Schematics of physical processes considered in this article. An unknown process (turquoise) is probed at different times, here $\{t_1,t_2,t_3,t_4\}$, and the resulting joint probability distribution $\mathbb{P}(m_4,m_3,m_2,m_1)$ is recorded (a). From the four-time distribution obtained, one could compute a three-time joint distribution by marginalizing over the outcomes at a given time (b) We depict the case in which the outcomes at time $t_2$ are marginalized over, yielding the probability distribution ${\sum }_{m_2}\mathbb{P}(m_4,m_3,m_2,m_1)$ for times $t_1,t_3$, and $t_4$. In contrast, the three-time joint probability $\mathbb{P}(m_4,m_3,m_2/,m_1),$ as shown in (c), is obtained by not performing a measurement at $t_2$. In general, this is a different experiment than the one of (b) and therefore leads to a different probability distribution.
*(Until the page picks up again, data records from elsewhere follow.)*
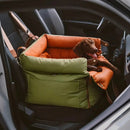 DreammyDoggie luxury faux leather booster dog car seat in olive green and tan, featuring a small dog resting inside.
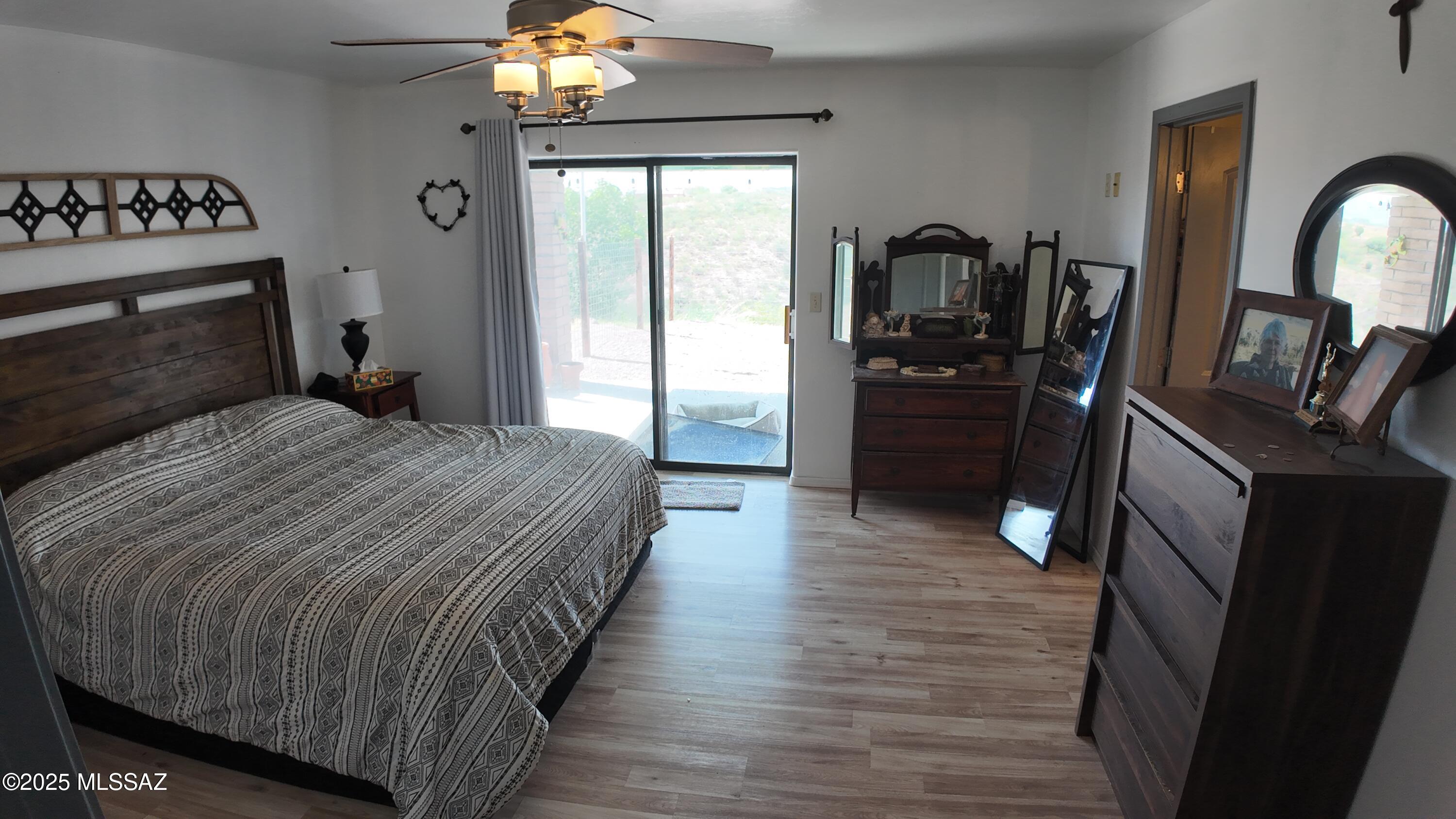 995 Jar Court Rio Rico, AZ 85648 - Photo 20 of 44 a bedroom with a bed a mirror on dresser and a chandelier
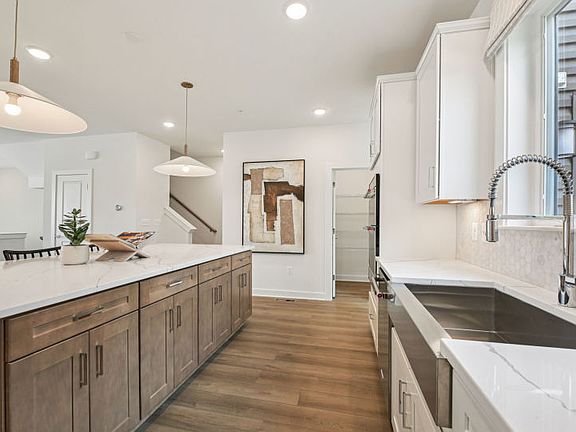 Rear Kitchen with Stainless Steel Appliances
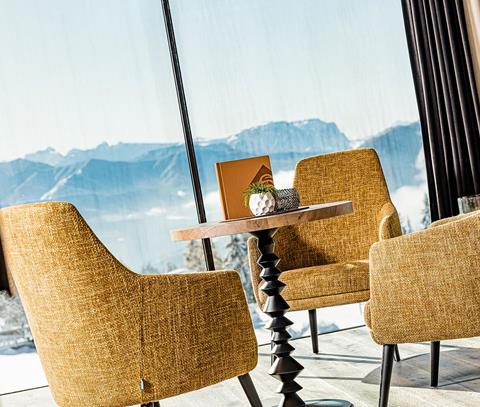 Table with a view on the Dolomites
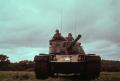 Photograph: [Three soldiers in a tank]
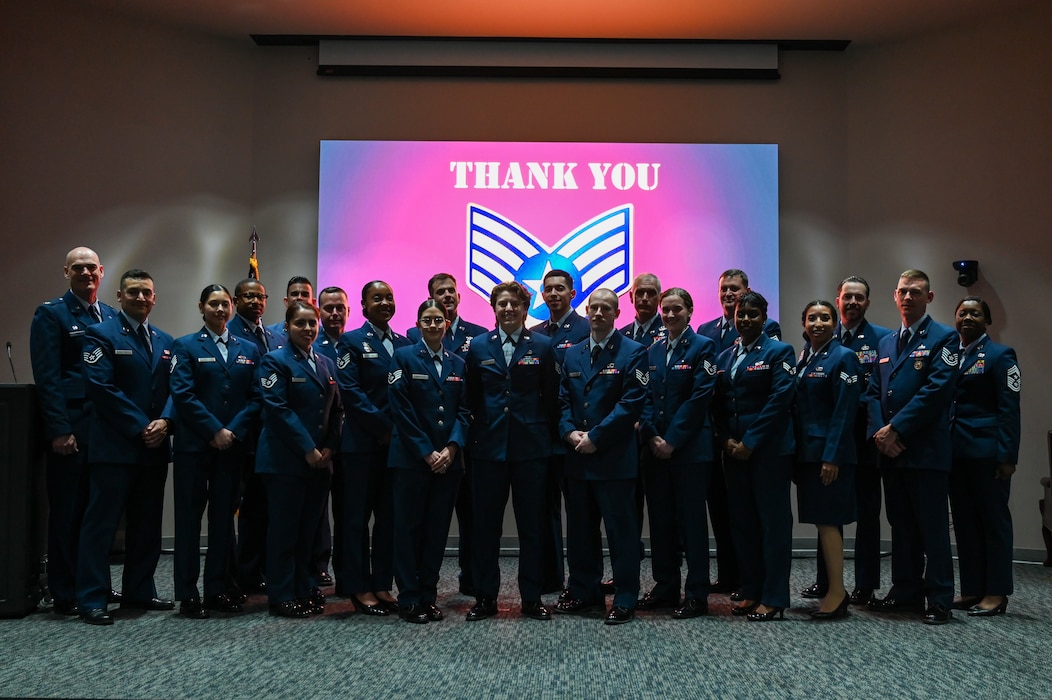 A group of new 433rd Airlift Wing and 960th Cyberspace Wing Non-Commissioned Officers and both wing's senior leaders pose for a photo after an NCO Induction Ceremony on Joint Base San Antonio-Lackland, Texas on April 6, 2024.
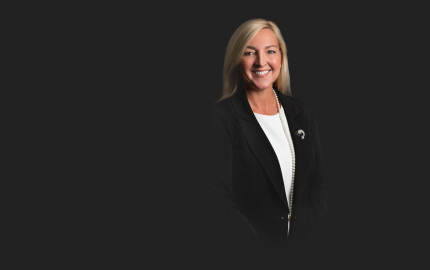 Lisa C. Keenan is smiling, wearing a black jacket, and a white shirt.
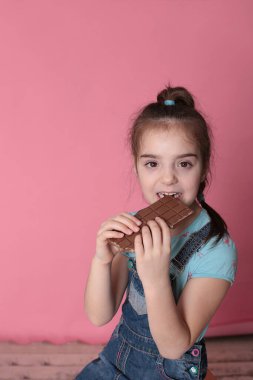 smiling happy girl in a great cheerful mood eating sweet treats chocolate on a bright pink background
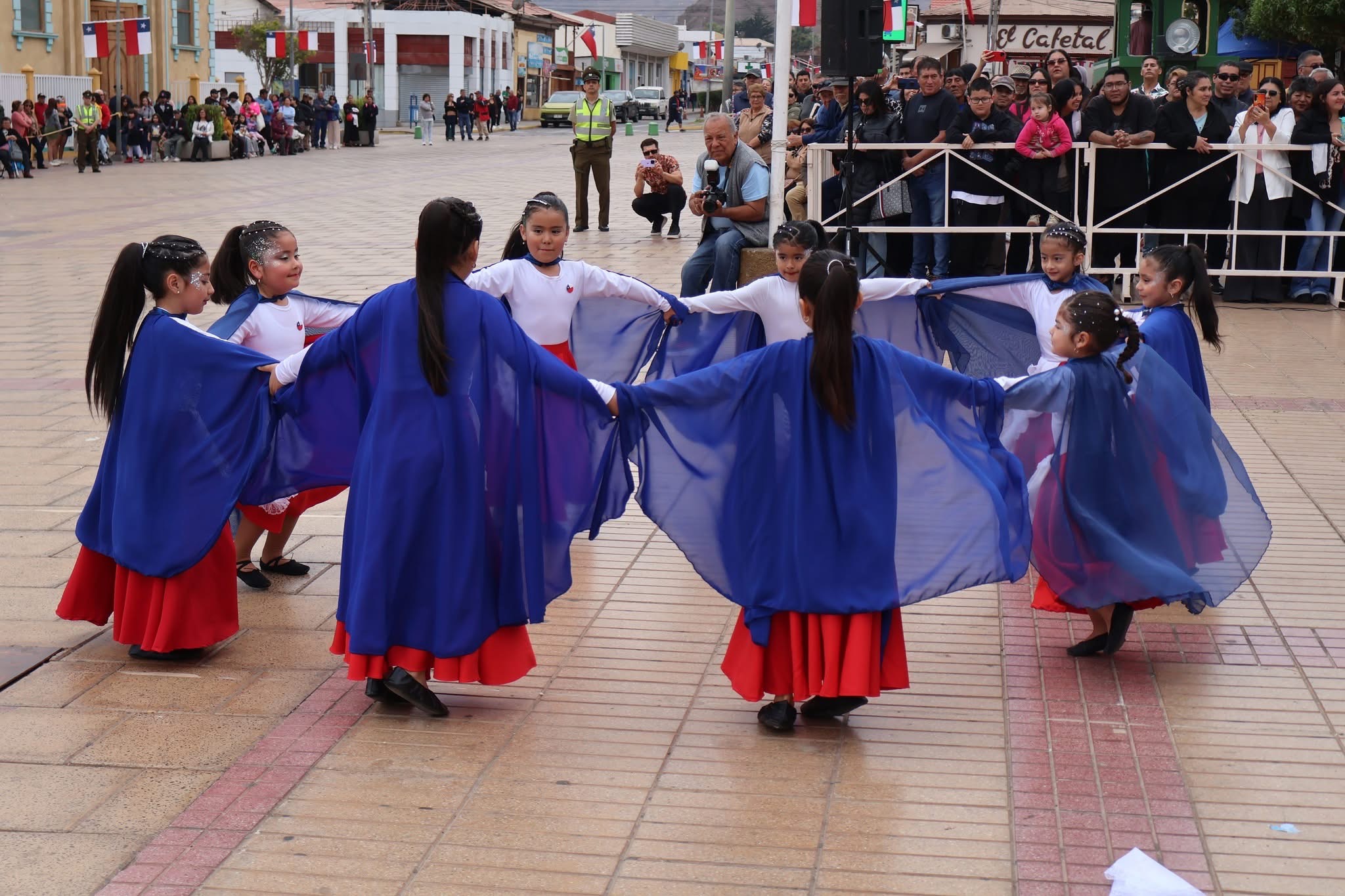 Rueda de niñas con capas azules realiza una danza folclórica frente al público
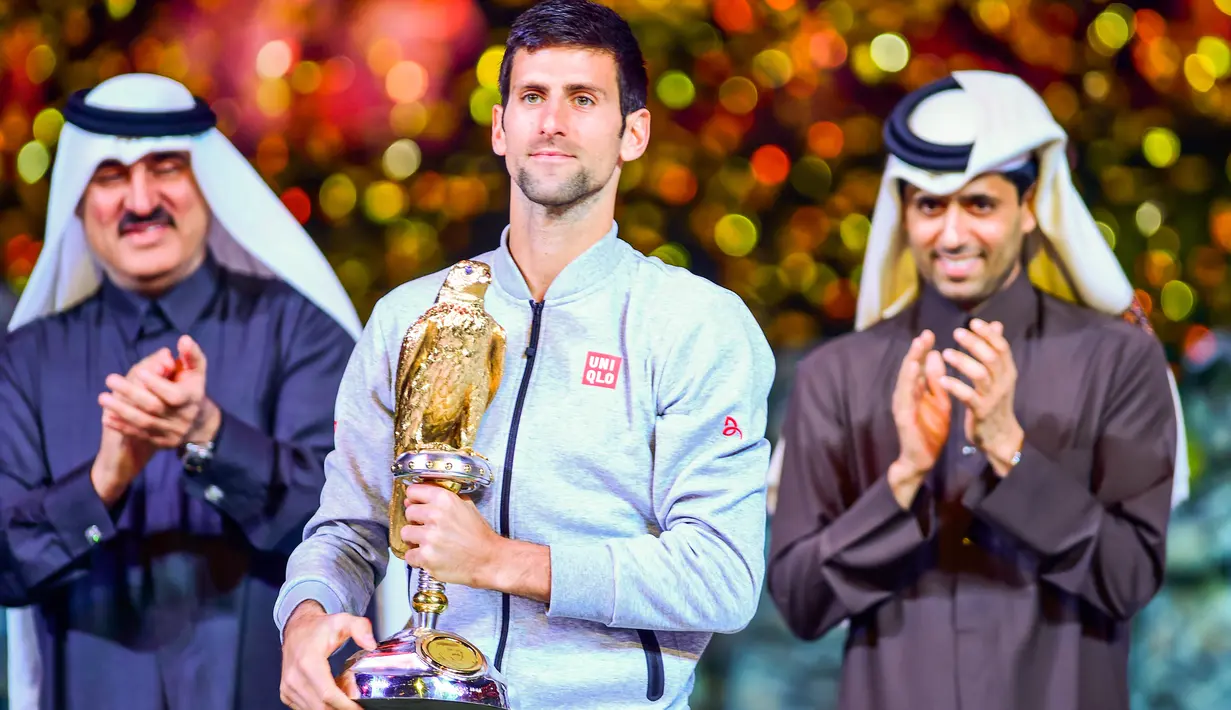 Petenis Serbia, Novak Djokovic memegang trofi Qatar Open 2017 usai menaklukkan petenis Skotlandia, Andy Murray dalam final turnamen Qatar Terbuka di Doha, Sabtu (7/1). Ini merupakan gelar ke-67 buat Djokovic di tur ATP.  (AP Photo/Alexandra Panagiotidou)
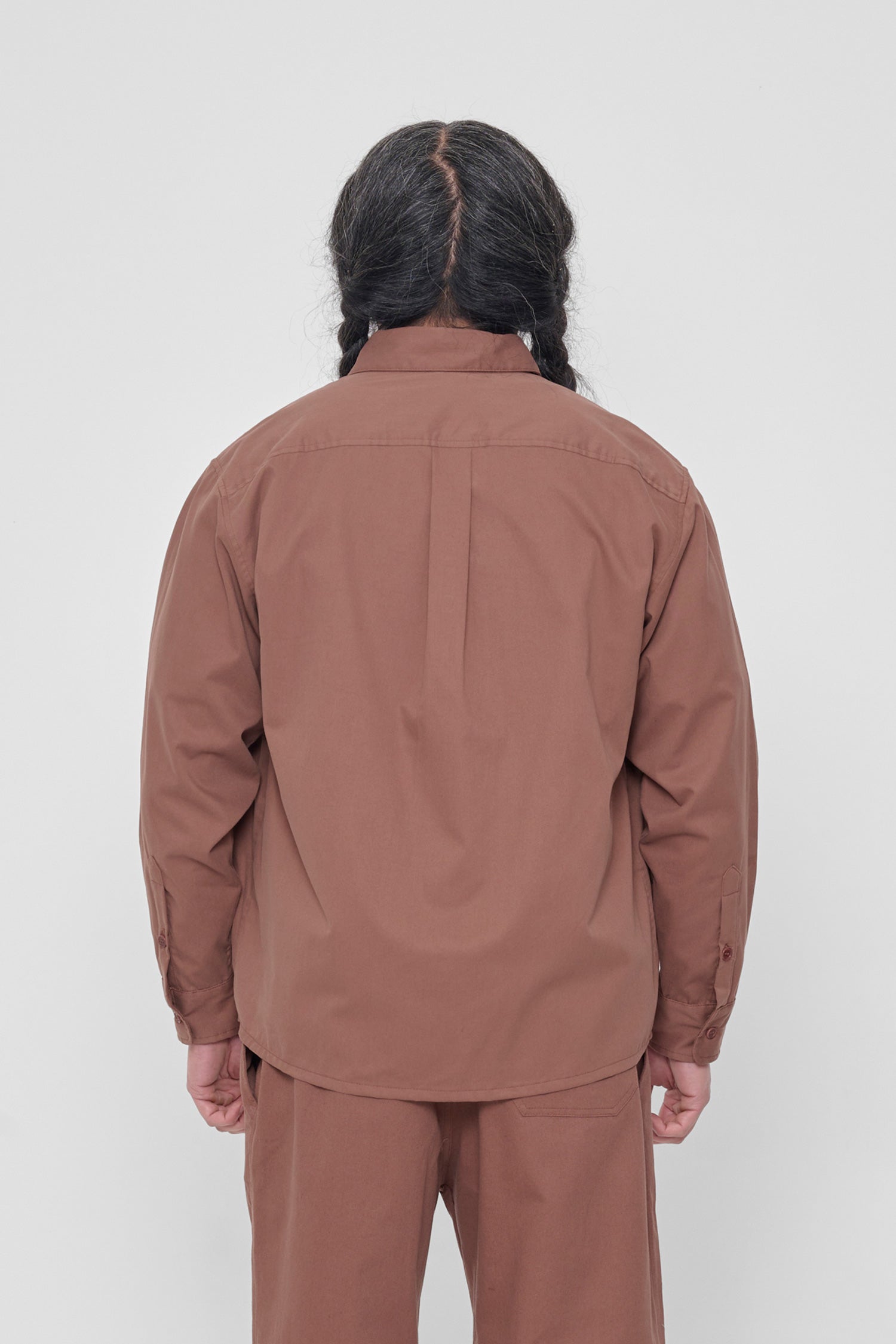 Back view: Shows the relaxed drape of the fabric and box pleat at yoke.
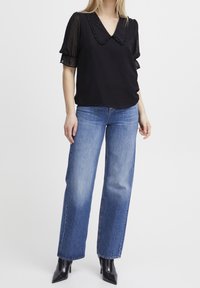 Sort bluse med gennemsigtige, flæsebesatte korte ærmer og V-hals; stylet med blå høj talje lige ben jeans og sorte spidse hæle.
However, if the process is classical—and the employed measurements are noninvasive—then the joint probabilities of the experiments depicted in (b) and (c) coincide [see Eq. (10)].

Figure 2

Multitime probing of a Markovian quantum process. A quantum process without memory on a discrete set of times $t_1,\cdots ,t_n$ can be described by an initial state $\rho$ of the system and a collection of independent CPTP maps $\left\{{\mathrm{\Lambda }}_{i:i-1}\right\}$ that act on the system alone between neighboring times (blue). At each time $t_i$, we envisage an agent probing the process and observing a measurement outcome $m_i$, with the postmeasurement state feeding forward (yellow). Such a probing is represented by a CP map ${\mathcal{K}}_i^{\left(m_i\right)}$ at each time.